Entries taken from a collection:
┌──

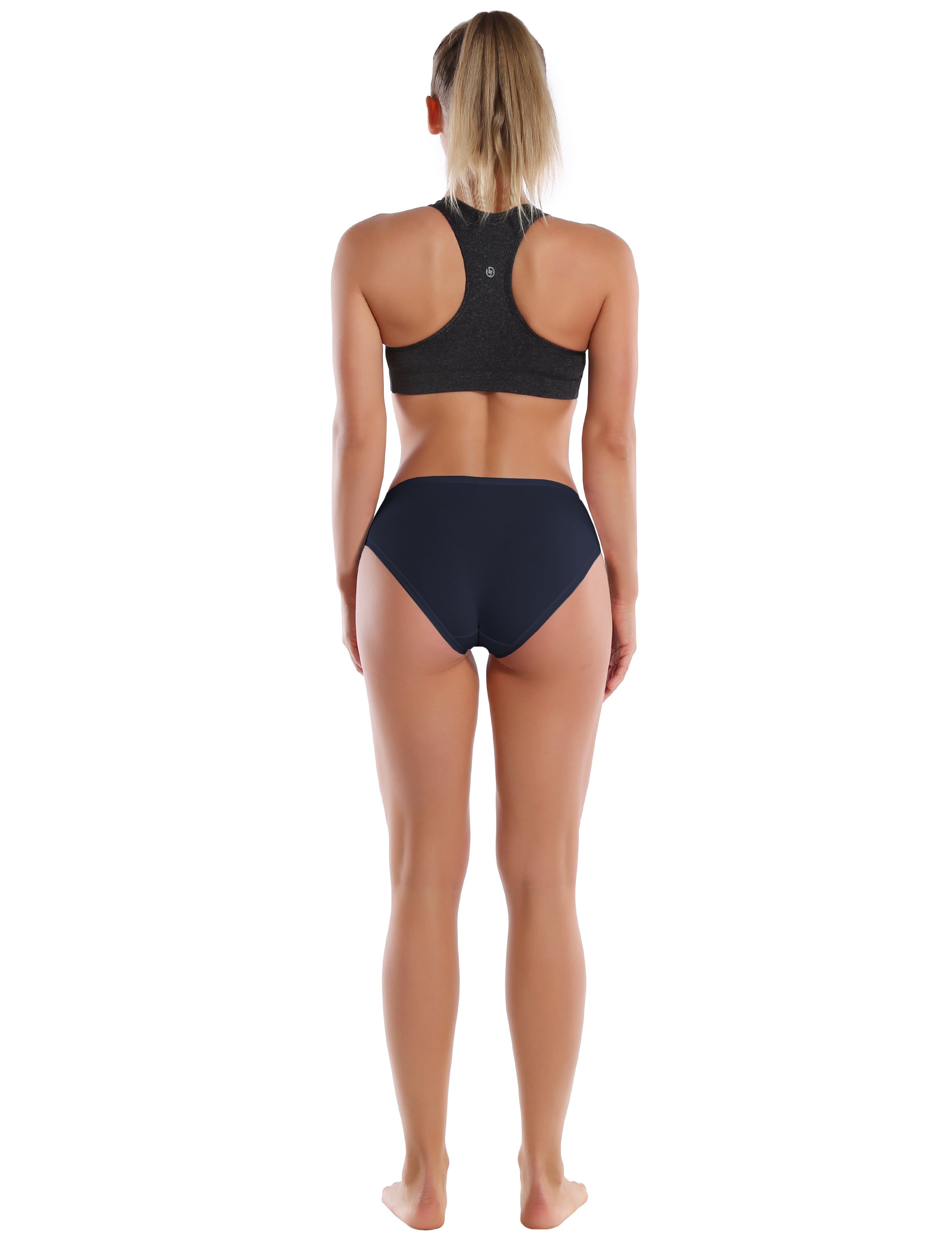 Super Soft Modal Sports Bikini Underwear darknavy_Running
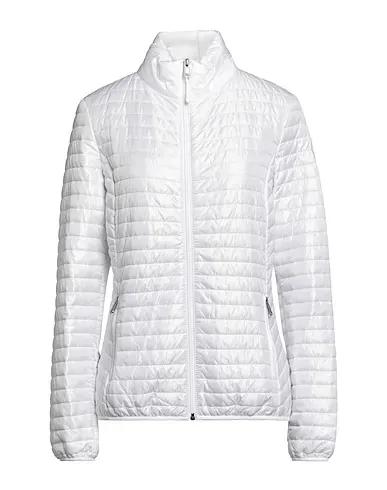 White Techno fabric Shell  jacket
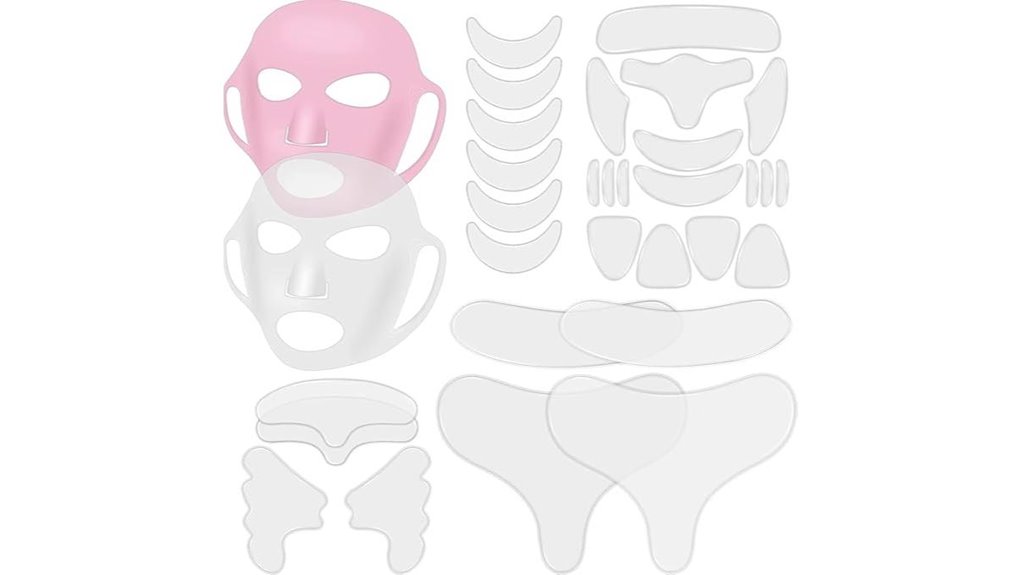 32 pack reusable silicone masks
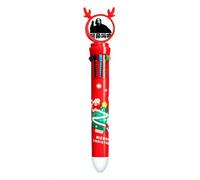 no/no hell s roar miserable Multicolor Ballpoint Pen Christmas Xmas Tree Santa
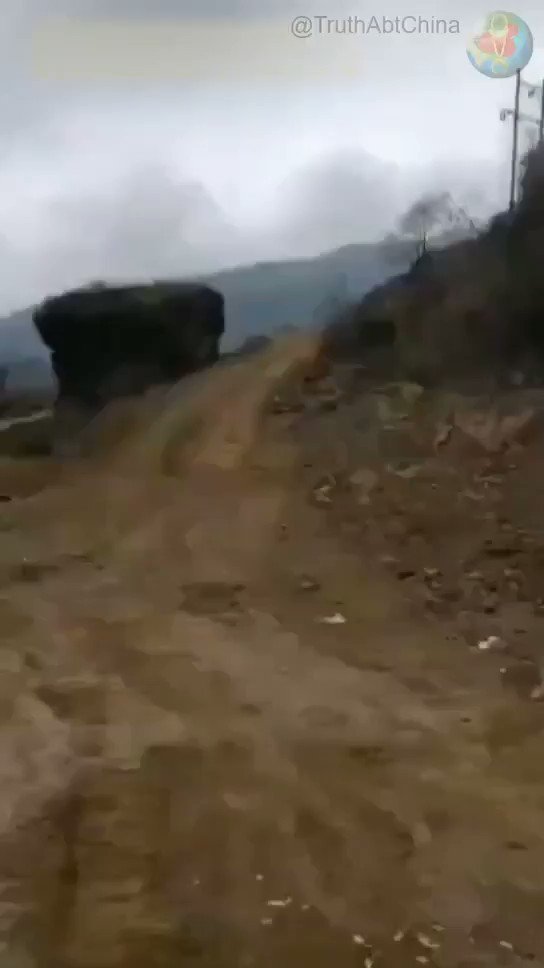 Workers were building a road when their explosion caused a landslide that destroyed several homes.  The CCP says 3 people were injured with no deaths while 1 other person is currently buried. According to citizens, at least 2 were killed.  February 27, 2021 Leshan City, Sichuan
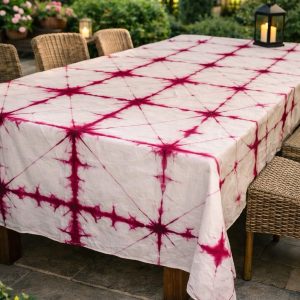 Nappe de table Thioup Diagonale rose réf 021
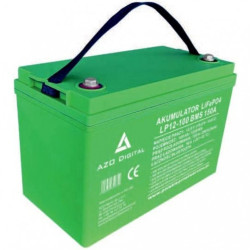 Akumulator LiFePO4 (litowo-żelazowo-fosforanowy) 12V 100Ah (150A) mata grzewcza + Bluetooth + BMS AZO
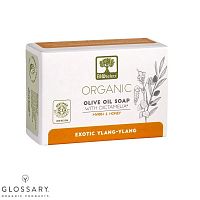 Натуральное оливковое мыло для лица и тела против старения с миррой и медом Bioselect,  магазин Glossary 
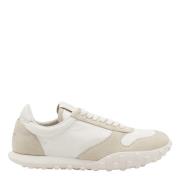 Jil Sander Vita Sneakers med Mockadetaljer Beige, Dam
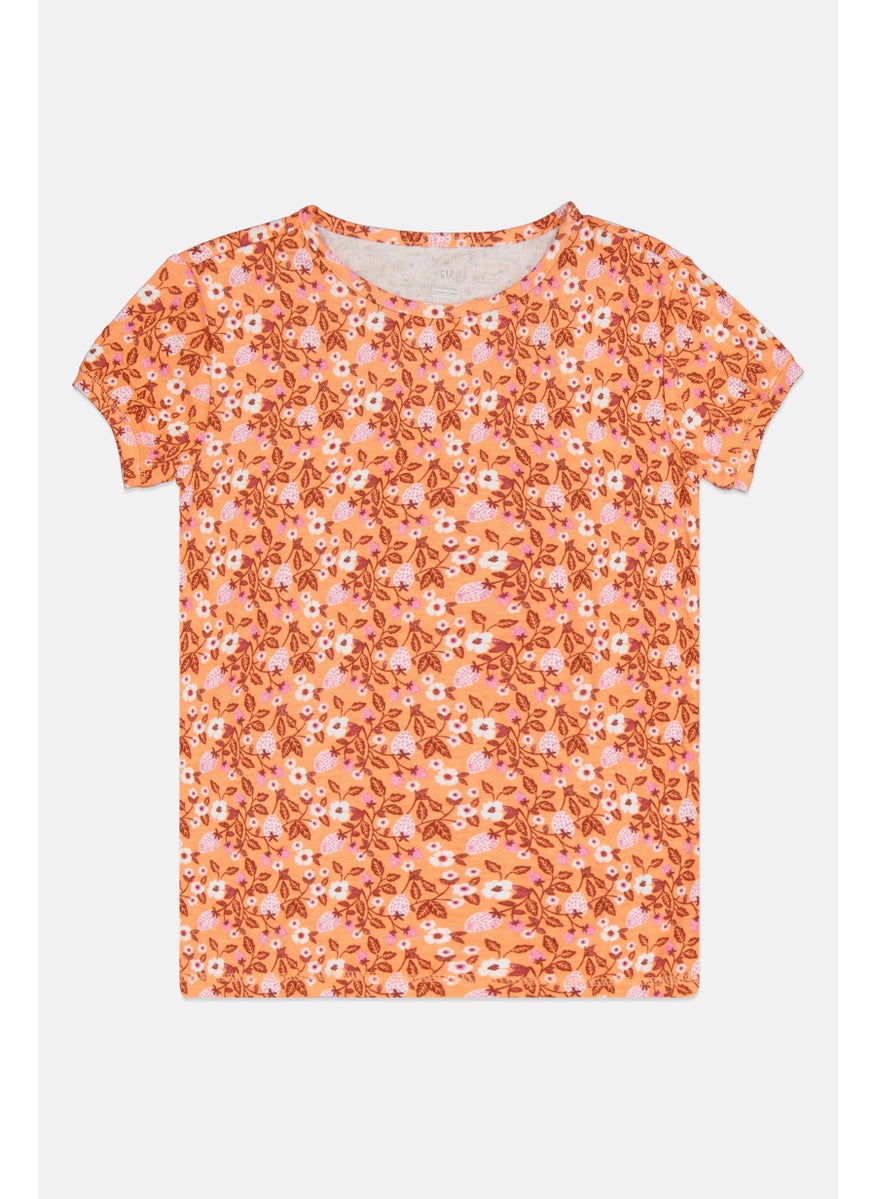 GAP Kids Girl 2 Pieces Floral Print Pyjama Sets, Multicolor  - Image 3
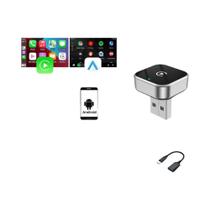 Adaptador Wireless CarPlay Android Auto 2 Em 1 AI Smart Box Para VW Toyota Nissan Honda Kia Opel MG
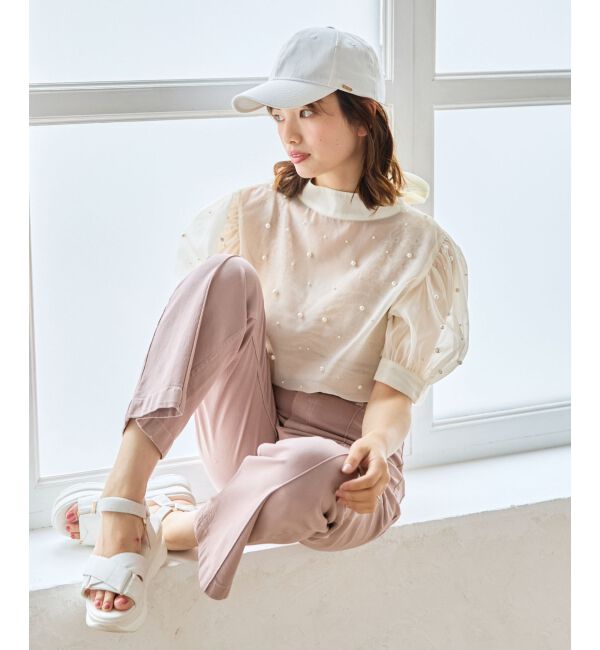 MAJESTICLEGON「バックリボンパールシアーブラウス」|シャツ・ブラウス|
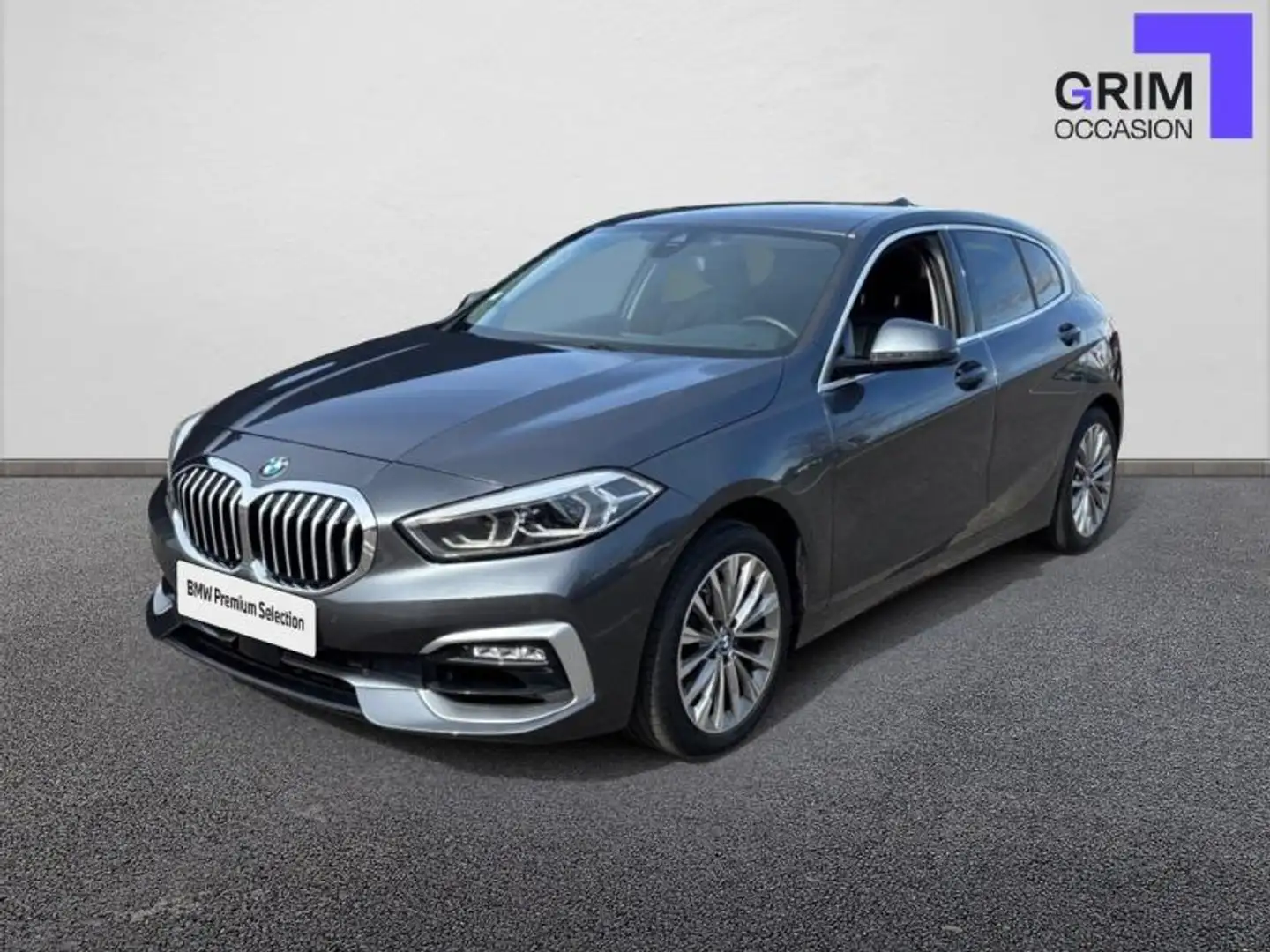 BMW 118 118iA 140ch Luxury DKG7 112g Grau - 1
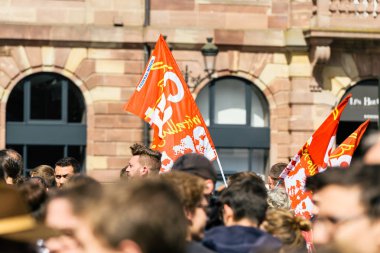 Fransızca ülke çapında bir gün agai sırasında Kleber siyasi Mart yer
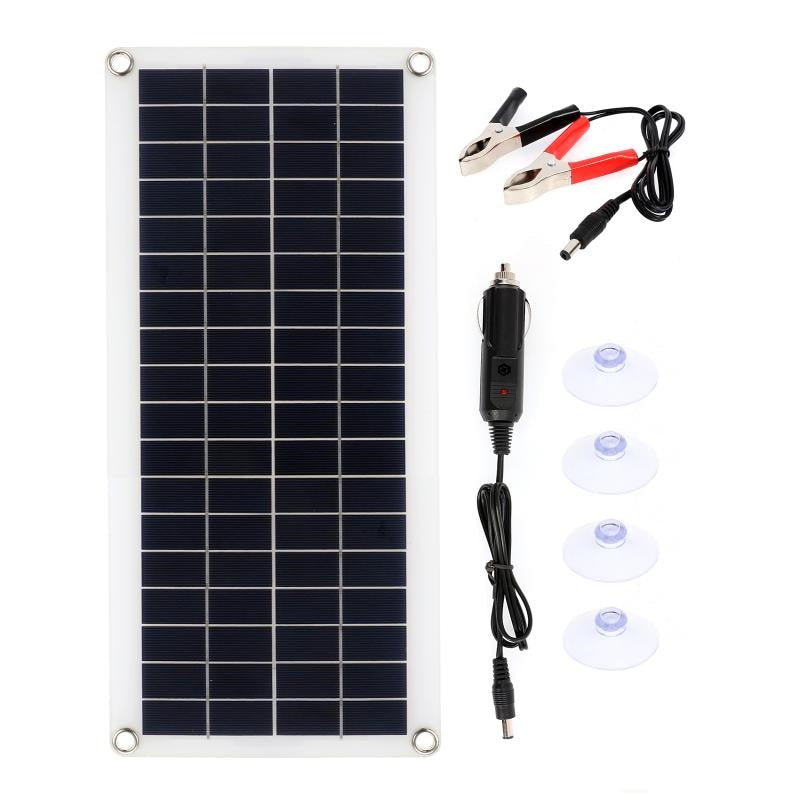 1000W Solar Panel 12V Solar Cell 10A-60A Controller for charging phone and devices outdoors.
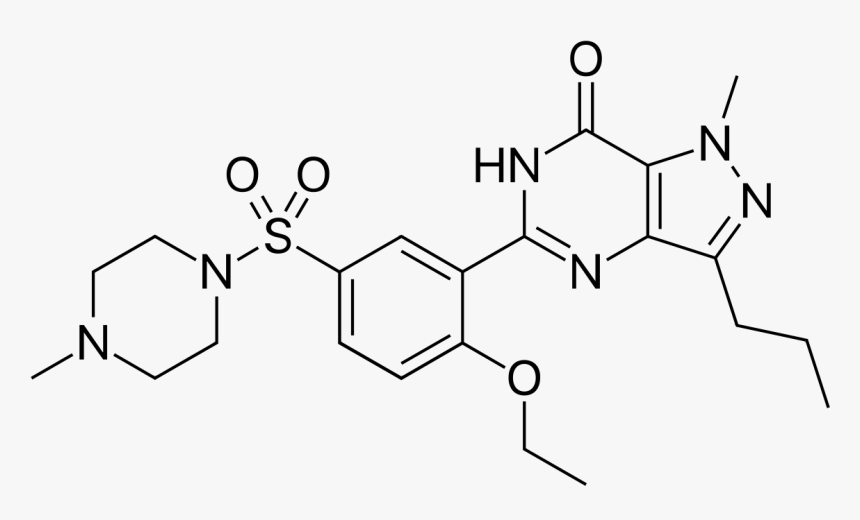 Sildenafil Molecule, HD Png Download, Free Download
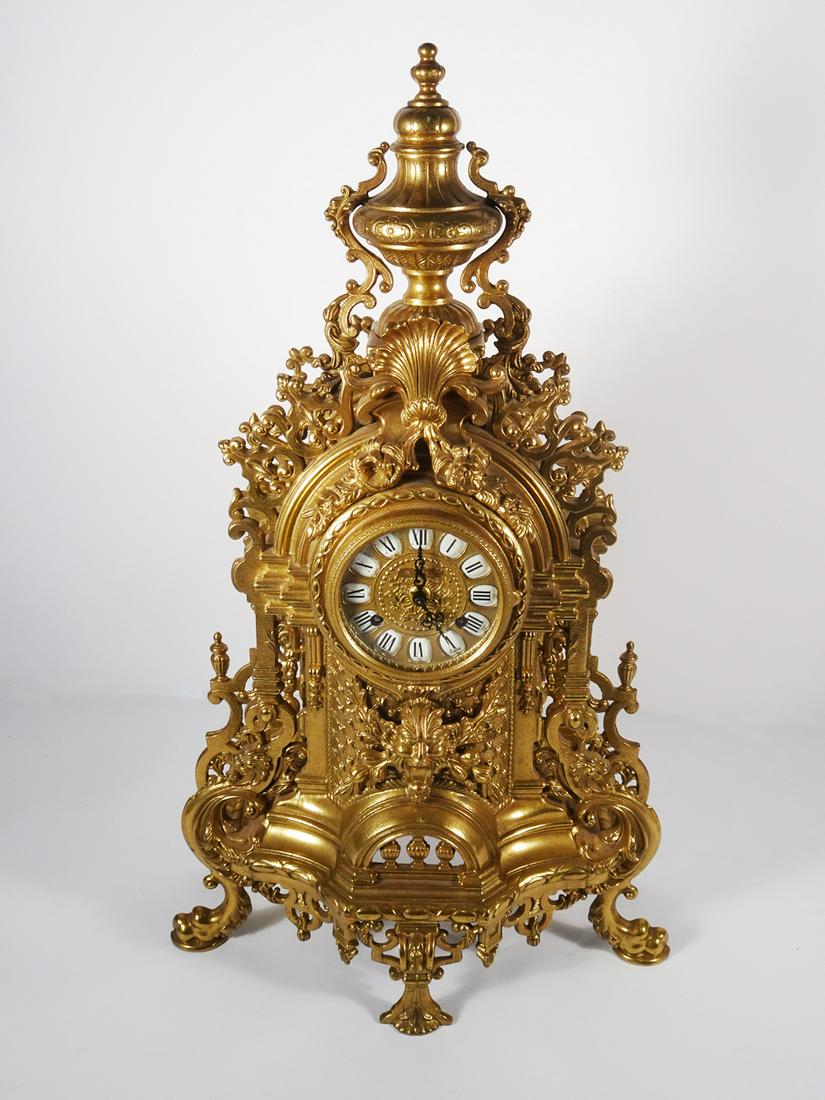 Italian Brass Imperial Mantle Clock (1 of 3)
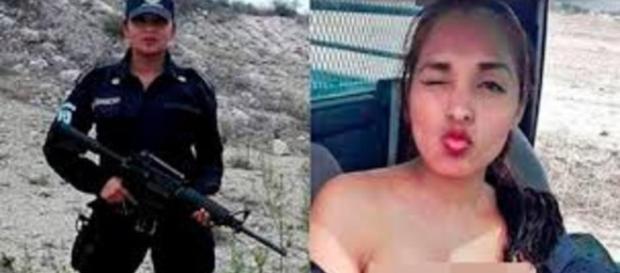 Nidia García, la policía que posa en "topless" Nidia García, la policía que posa en "topless"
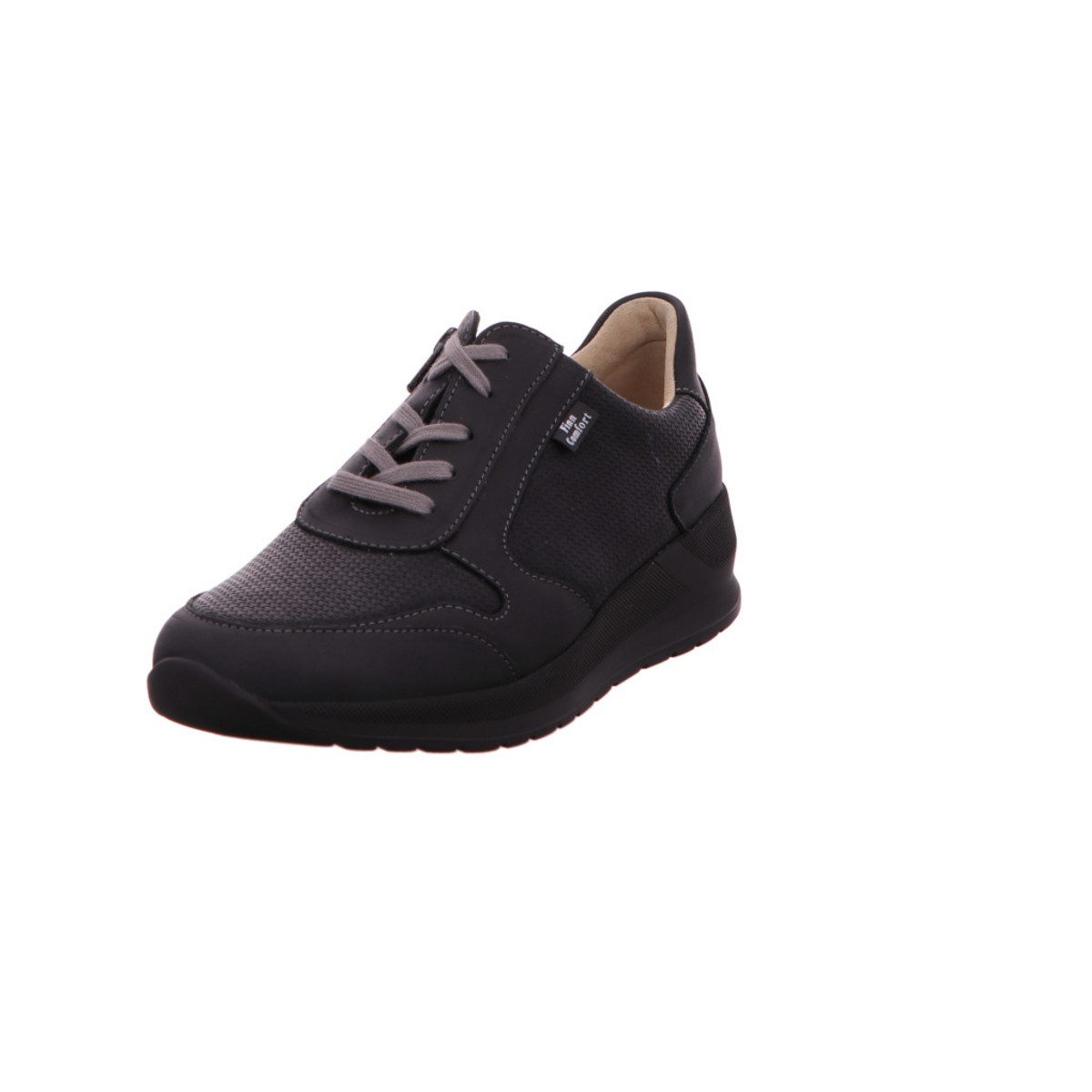 Komfort Schnürer für Damen in schwarz Sneaker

└──

THE PROBLEM: Transcribe exactly each line of the records from the start up to and including the one with "no/no hell s", and leave out every picture.

ANSWER SECTION:
 Super Soft Modal Sports Bikini Underwear darknavy_Running
 White Techno fabric Shell  jacket
 32 pack reusable silicone masks
 no/no hell s roar miserable Multicolor Ballpoint Pen Christmas Xmas Tree Santa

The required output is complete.